Tryanuary is about three things for me; trying new beers, trying new pubs and revisiting pubs or bars that you may not tend to frequent with an aim to ‘rediscover’ them. The latter is what I got up to in my local town, Guiseley, and here I share my experience with you.
Guiseley is to the North West of Leeds, less than 15 minutes on a train from the city centre. A bit of local trivia; Harry Ramsden’s was set up in the town back in 1928. Also, Harry Corbett (of Sooty and Sweep fame) lived above a local chip shop that used to be called Springfield and is now our local; Midgeley’s. So, yes, we like fish and chips in this part of the world.
Back to the pub tour, I’ve been to all the pubs in Guiseley at least once before, but me and Leanne only tend to ever go to two on a regular basis. The Ings and Coopers are regulars for us and we’ve visited them for many years. I wanted to use the upcoming #tryanuary to think about why we don’t visit any of the others, and call in to see what we might be missing. There are 8* pubs in total to visit.

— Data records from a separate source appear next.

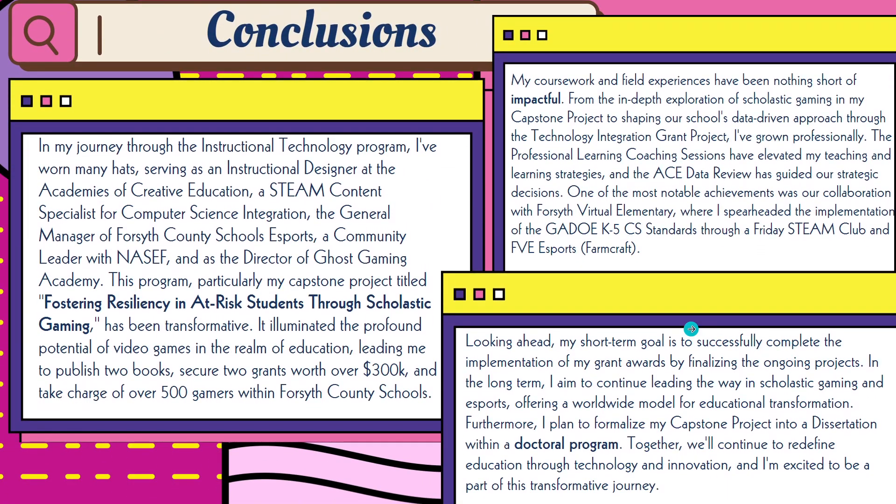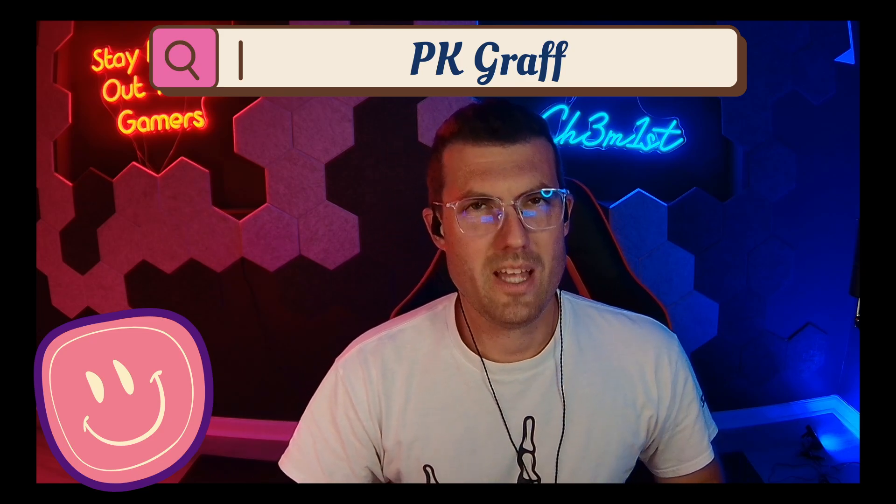Lastly, conclusions — please feel free to click pause to read. I have a lot of goals and a lot of growth, and the number one thing is that I want to take Fostering Resiliency in At-Risk Students Through Scholastic Gaming and formalize it into a dissertation for a doctoral program. That is where I am headed. Super excited — and as always, stay positive out there, gamers.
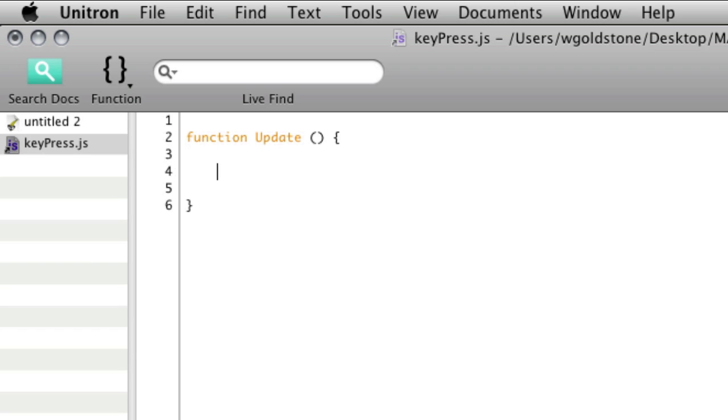So into that update function, what I'm going to do is say if Input dot GetButtonUp.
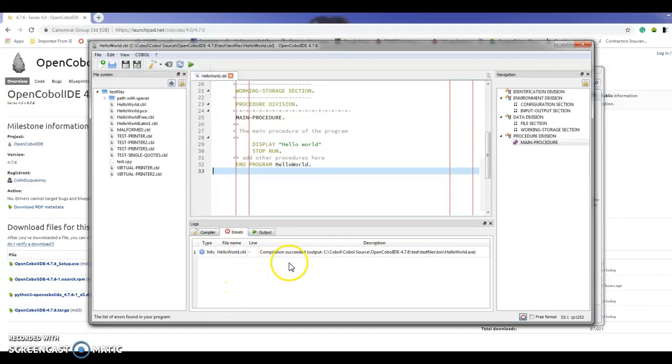Now it's telling me that the compile succeeded. The program is correct.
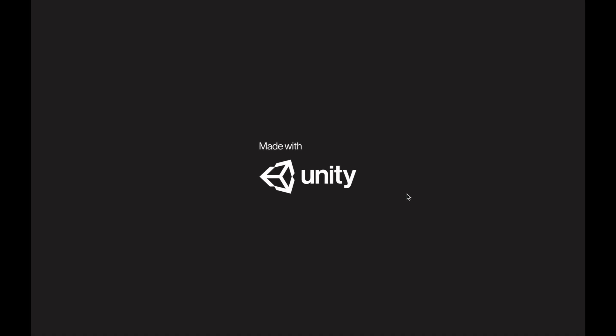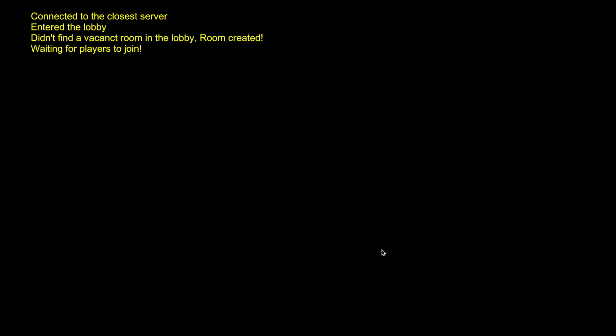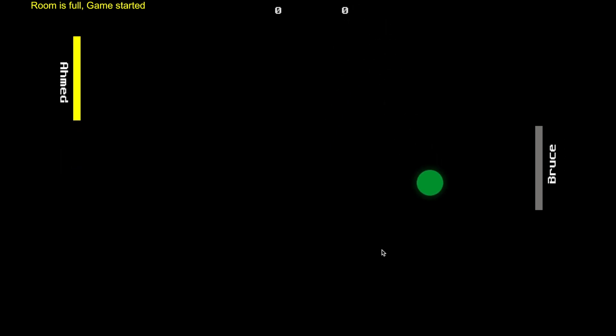I have here a small example where I'm going to enter my name and press start game. I'll see some text generated and after a bit, I'll start my game playing with another player called Bruce.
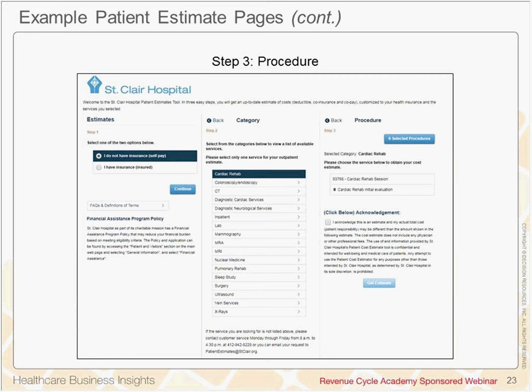I really like how this is just a very simple three-step process, very easy to follow, and visually it's very clean.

This is the pub we visit most and have been patrons for many years. This is a Market Town Tavern run pub, a Northern pub chain that has 19 run pubs. The biggest selection of draft beer in Guiseley can be found here, with eight cask pumps, one cider pump and ten keg lines. One of the cask pumps is taken by a permanent Timothy Taylor, one by a Rooster’s beer and one by an Okells beer, leaving five ever rotating guests. Locality is key here, with the produce from the kitchen all coming from local suppliers. Coopers offer a great food menu and this seems to be a big pull for many people.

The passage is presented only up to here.